WHAT YOU ARE ASKED TO DO —
Pictures in the entries below are excluded; copy only the lines from the one containing "Baby Panda Animal Puzzle Game Image" to the one containing "Жилет спасательный MISHIMO", both included.

SOURCE MATERIAL —
☆ ☆ ☆ ☆ ☆ ☆ ☆

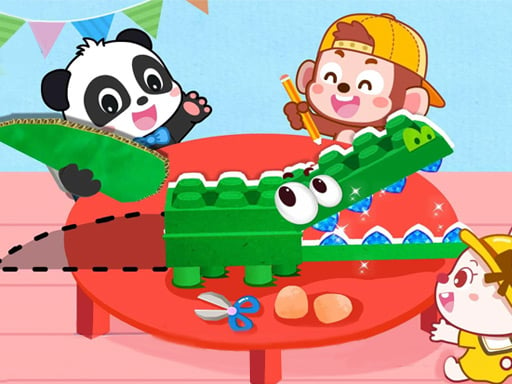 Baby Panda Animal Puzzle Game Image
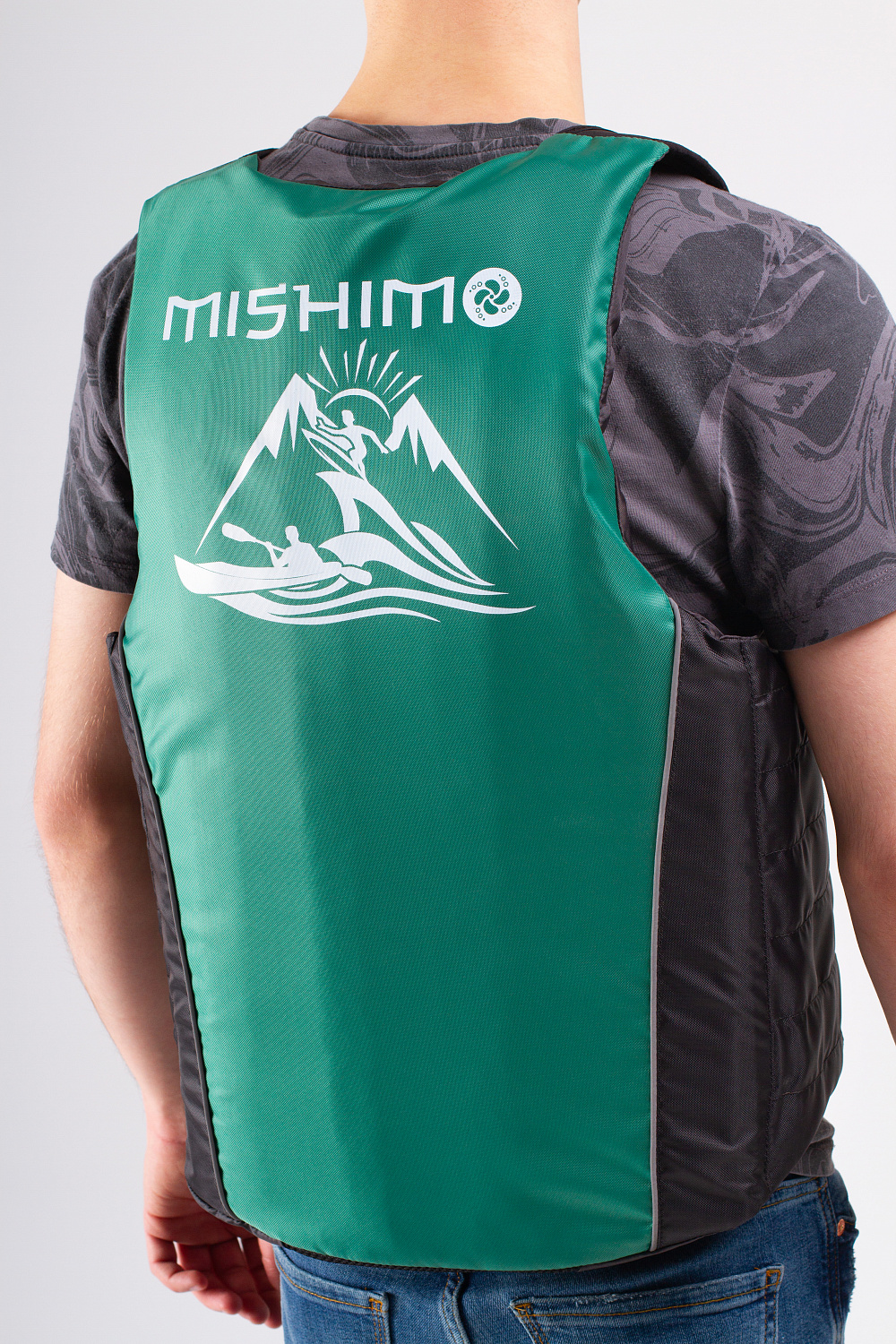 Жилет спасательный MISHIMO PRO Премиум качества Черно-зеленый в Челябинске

☆ ☆ ☆ ☆ ☆ ☆ ☆

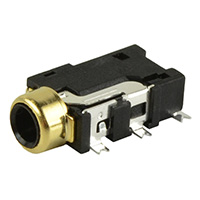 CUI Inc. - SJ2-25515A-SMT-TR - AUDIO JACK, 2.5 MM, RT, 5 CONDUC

☆ ☆ ☆ ☆ ☆ ☆ ☆

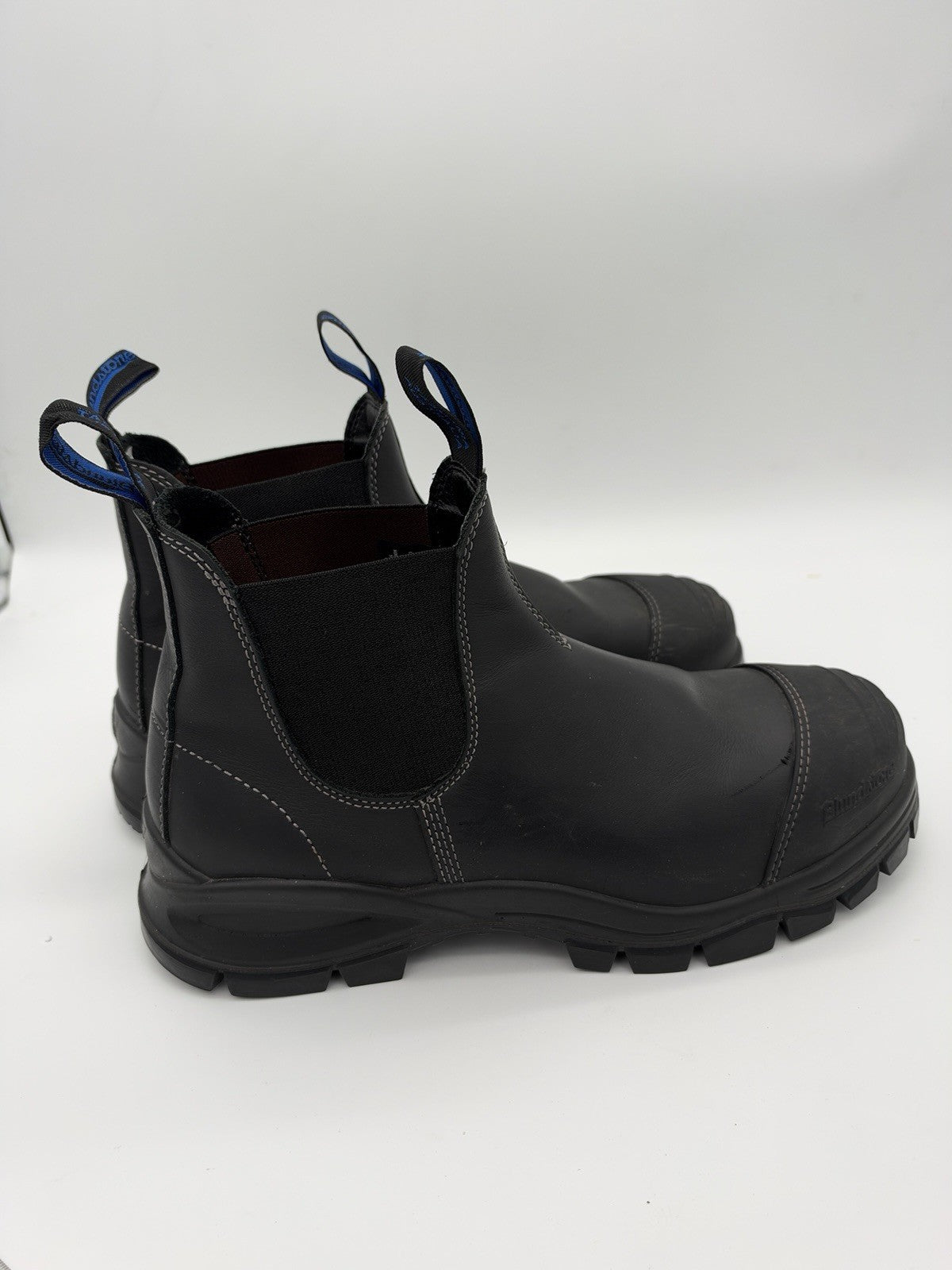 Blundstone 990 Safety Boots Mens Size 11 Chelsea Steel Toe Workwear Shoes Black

☆ ☆ ☆ ☆ ☆ ☆ ☆

ANSWER TO THE EXERCISE —
 Baby Panda Animal Puzzle Game Image
 Жилет спасательный MISHIMO PRO Премиум качества Черно-зеленый в Челябинске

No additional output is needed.